登録区分 | 文化遺産 |
登録基準 | (2), (3) |
登録年 | 2017年 |
ジョグジャカルタは、ジャワ島の南東部に位置する大都市。ここには現在もスルタンが住む宮殿を中心とした歴史地区が残されています。現在の町並みは18世紀に建造され、島に残る宇宙観や信仰が都市設計の中に見られるというもの。
ここではジョグジャカルタの宇宙論的枢軸とその歴史的建造物群が、なぜ世界遺産なのか?世界遺産マニアが分かりやすく解説。これを読めば、ジョグジャカルタについて詳しくなること間違いなし!
ジョグジャカルタの宇宙論的枢軸とその歴史的建造物群とは?
ジャワ島中部の南岸に位置するジョグジャカルタ州の州都。ここは古くから農業が盛んで、米どころとしても有名でした。この地は「マタラム」と呼ばれ、16世紀後半になると、イスラム王朝のマタラム王国(1587〜1755年)が設立されると、広大な範囲を領土とするものの、オランダの進出によって保護国とされてしまいます。1755年にマタラム王国はジョグジャカルタ王国を含めた小国が分割し、現在のジョグジャカルタ特別市にはスルタン(君主)が暮らす宮殿が置かれ、ここは王国の中心地として発展していきます。
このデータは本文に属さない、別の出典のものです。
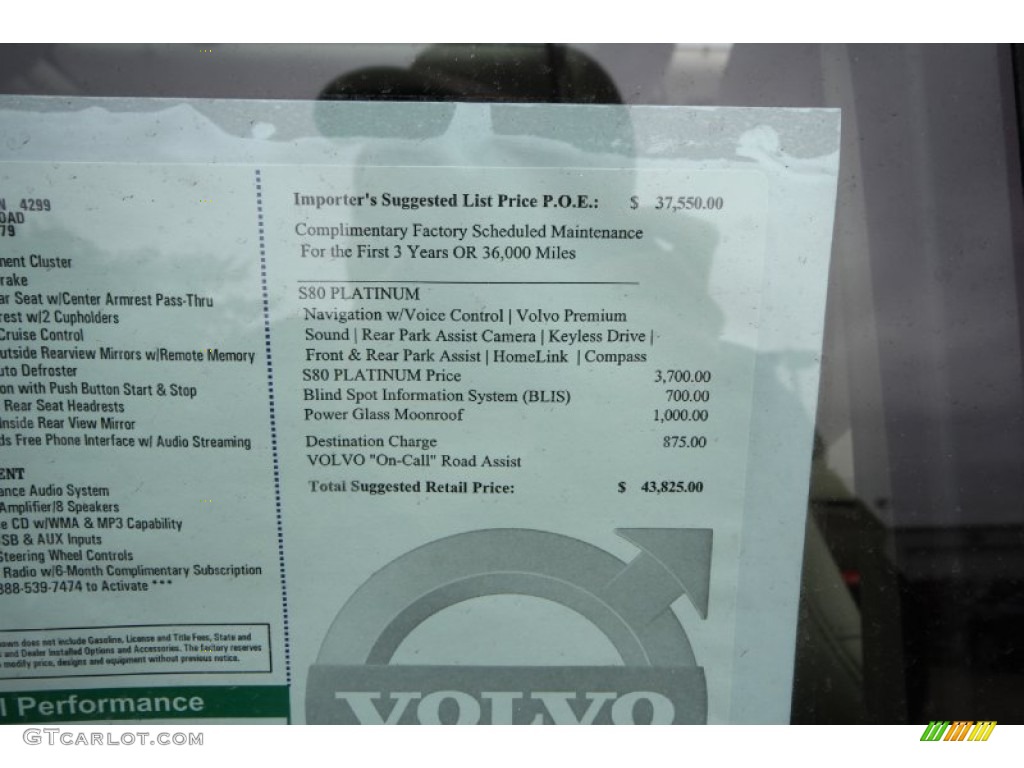 2012 Volvo S80 3.2 Window Sticker Photos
ジョグジャカルタの歴史地区は、北部のメラピ山(標高2930m)、東西には3つの川、南部のインド洋との間に位置する肥沃な土壌の上に築かれ、ここが選ばれたのは古くからヒンドゥー教が信仰されてきたジャワ島の宇宙観から。彼らはジャワ島南東のスメル山(標高3676m)を中心に海と陸の環に囲まれているという宇宙観を持っていたため、この地はまさにスルタンの宮殿と都市を設立するのに適した土地でもありました。
ジョグジャカルタの中心部は、スルタンの宮殿である「クラトン」を中心にしていて、クラトンから約2km北にある「トゥグ・パル・プティ」、クラトンから南へ約1km南にある「パングン・クラップヤック」という3つの建造物が南北に通り沿いに結ばれています。これは人間のライフサイクルを示していて、パングン・クラップヤックは受胎、クラトンは成人、トゥグ・パル・プティは神(創造主)と、受胎から神のもとへ戻るまでの人生の流れを表したもの。
他にもパティ(首相)の邸宅として建造された「ケパティ・ハン」や、スルタンの市場を意味する「パサール・ベリンハルジョ」も含まれていて、これらも島に残る宇宙観によって配置されたもの。歴史地区は合計で12.6平方kmもの敷地が登録されています。
登録されている構成資産
クラトン(スルタンの宮殿)
街の中心部に位置し、ここはジョグジャカルタ王国の開祖である初代スルタン・ハメンクブウォノ1世が建造して以降、現在でもスルタンが暮らしている宮殿。ここは南から宮殿の南口である「プレンクン・ガディン」、「南アルン・アルン」、「南カマンドゥンガン(門)」、従者の試験や教育を行った「ヤクマガンガン」、王族が暮らしていた宮殿が集まる「クダトン」、謁見の間である「パグララン」、「北カマンドゥンガン(北門)」、「カウマンの大モスク」、「北アルン・アルン(広場)」といった建造物が南北に連なるという構造になっています。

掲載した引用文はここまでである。